You can extract a (sub)list of the variables declared in your script using grep:
grep -Po "([a-z][a-zA-Z0-9_]+)(?==\")" ./script.bash | sort -u
Disclaimer: why "sublist"?
The expression given will match string followed by an egal sign (=) and a double quote ("). So if you don't use syntax such as myvar="my-value" it won't work.
But you got the idea.
grep Options
-P --perl-regexp: Interpret PATTERN as a Perl regular expression (PCRE, see below) (experimental) ;
-o --only-matching: Print only the matched (non-empty) parts of a matching line, with each such part on a separate output line.
Pattern
I'm using a positive lookahead: (?==\") to require an egal sign followed by a double quote.
In bash, but not sh, compgen -v will list the names of all variables assigned (compare this to set, which has a great deal of output other than variable names, and thus needs to be parsed).
Thus, if you change the top of the script to #!/bin/bash, you will be able to use compgen -v to generate that list.
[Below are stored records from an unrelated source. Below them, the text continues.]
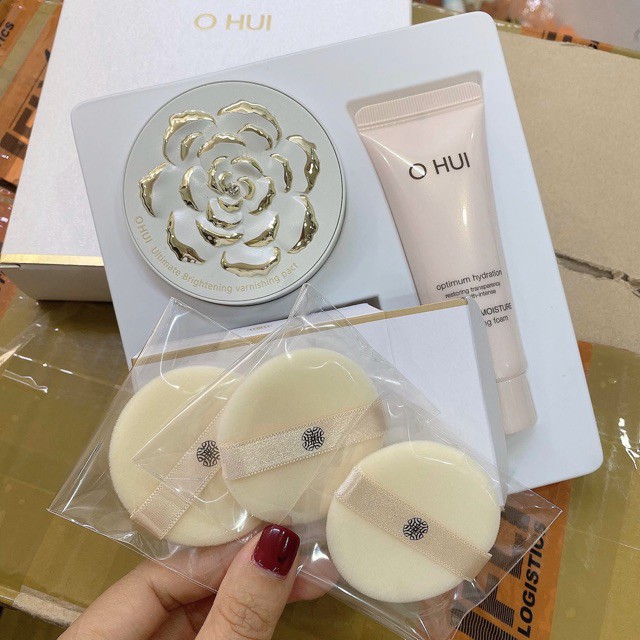 {Hàng chính hãng}  Phấn Phủ Dưỡng Trắng Ohui Vanising Set khuyến mãi Siêu lời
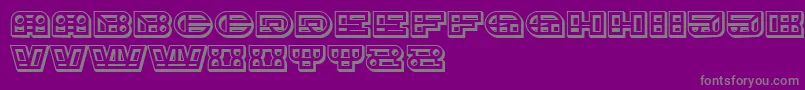 ImbecileOrnamental Font – Gray Fonts on Purple Background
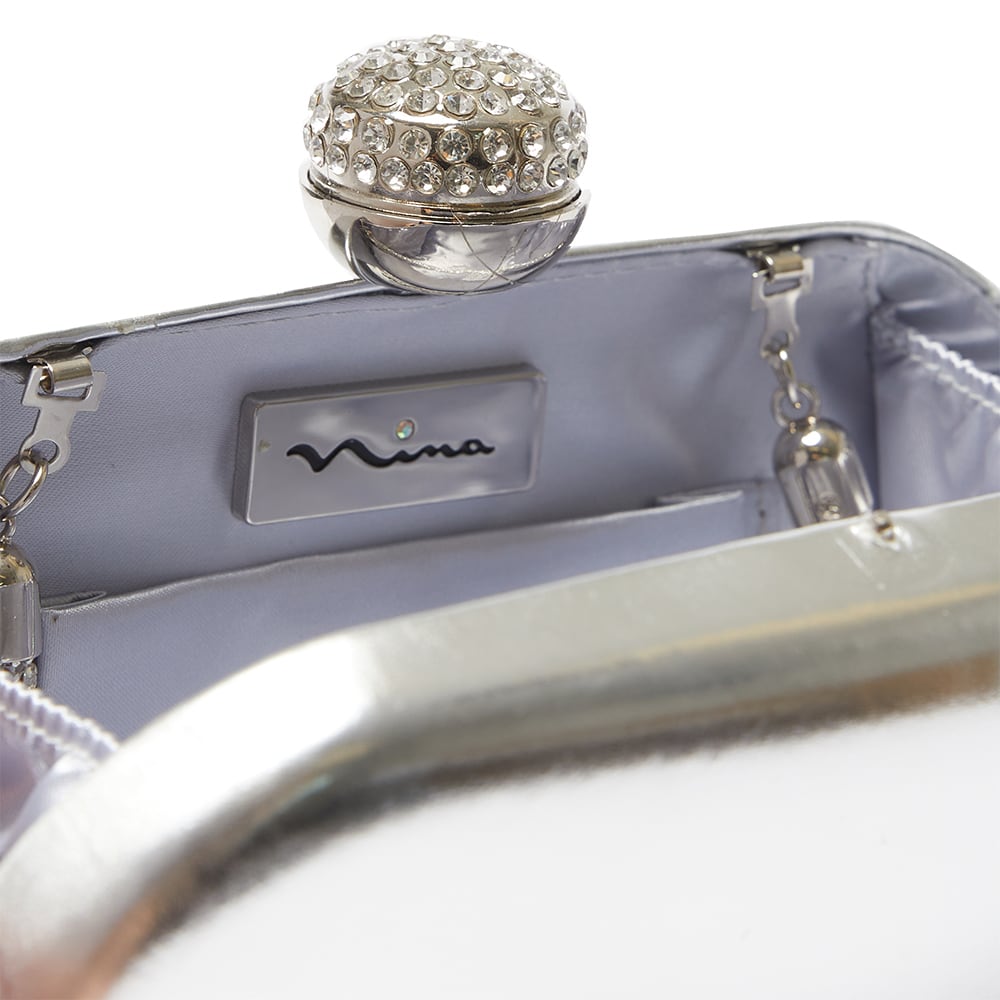 Myllie Handbag in Silver Metallic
That said, the person who advised you use set -x did well. Consider this extension on that:
PS4=':$BASH_SOURCE:$LINENO+'; set -x
This will print the source file and line number before every command (or variable assignment) which is executed, so you will have a log not only of which variables are set, but just where in the source each one was assigned. This makes tracking down where each variable is set far easier.